On July 28, 1967, the President of the United States established this Commission and directed us to answer three basic questions:
What happened? Why did it happen? What can be done to prevent it from happening again?
To respond to these questions, we have undertaken a broad range of studies and investigations. We have visited the riot cities; we have heard many witnesses; we have sought the counsel of experts across the country.
This is our basic conclusion: Our nation is moving toward two societies, one black, one white—separate and unequal.
Reaction to last summer’s disorders has quickened the movement and deepened the division. Discrimination and segregation have long permeated much of American life; they now threaten the future of every American.
This deepening racial division is not inevitable. The movement apart can be reversed. Choice is still possible. Our principal task is to define that choice and to press for a national resolution.
To pursue our present course will involve the continuing polarization of the American community and, ultimately, the destruction of basic democratic values.

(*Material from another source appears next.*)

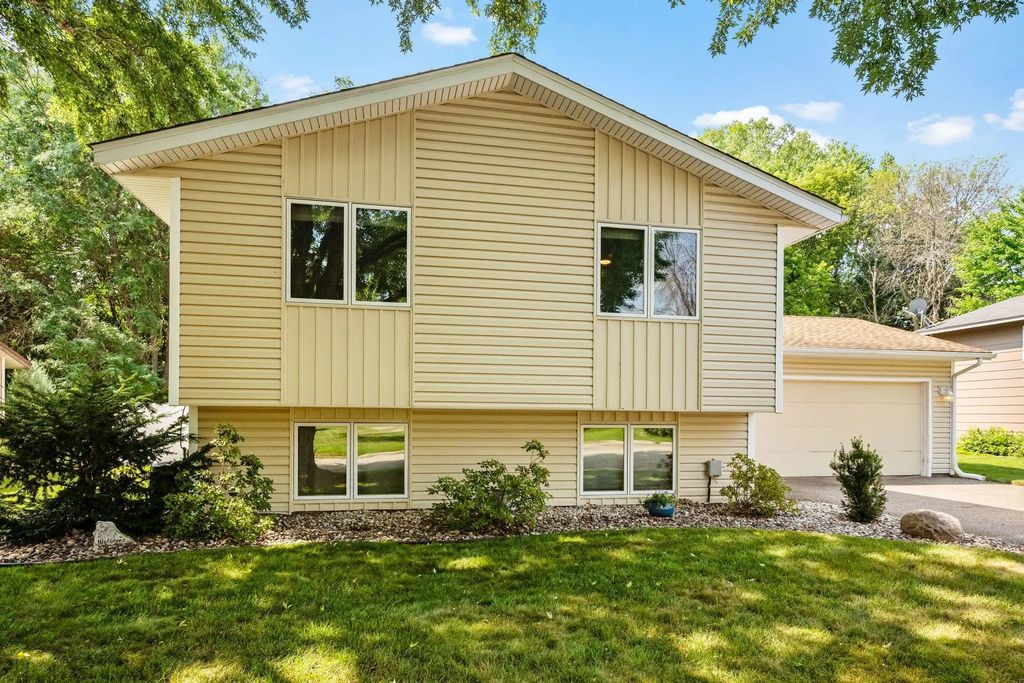 717 Dresden Drive, Chaska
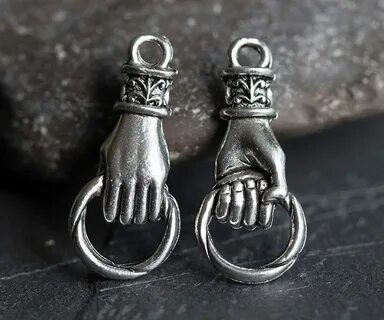 Silver hand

The alternative is not blind repression or capitulation to lawlessness. It is the realization of common opportunities for all within a single society.
This alternative will require a commitment to national action—compassionate, massive and sustained, backed by the resources of the most powerful and the richest nation on this earth. From every American it will require new attitudes, new understanding, and, above all, new will.
The vital needs of the nation must be met; hard choices must be made, and, if necessary, new taxes enacted.
Violence cannot build a better society. Disruption and disorder nourish repression, not justice. They strike at the freedom of every citizen. The community cannot—it will not—tolerate coercion and mob rule.
Violence and destruction must be ended—in the streets of the ghetto1 and in the lives of people.
Segregation and poverty have created in the racial ghetto a destructive environment totally unknown to most white Americans.
What white Americans have never fully understood—but what the Negro can never forget—is that white society is deeply implicated in the ghetto. White institutions created it, white institutions maintain, and white society condones it.
It is time now to turn with all the purpose at our command to the major unfinished business of this nation. It is time to adopt strategies for action that will produce quick and visible progress. It is time to make good the promises of American democracy to all citizens—urban and rural, white and black, Spanish-surname, American Indian, and every minority group.
Our recommendations embrace three basic principles:
To mount programs on a scale equal to the dimension of the problems;
To aim these programs for high impact in the immediate future in order to close the gap between promise and performance;
To undertake new initiatives and experiments that can change the system of failure and frustration that now dominates the ghetto and weakens our society.
These programs will require unprecedented levels of funding and performance, but they neither probe deeper nor demand more than the problems which called them forth. There can be no higher priority for national action and no higher claim on the nation’s conscience.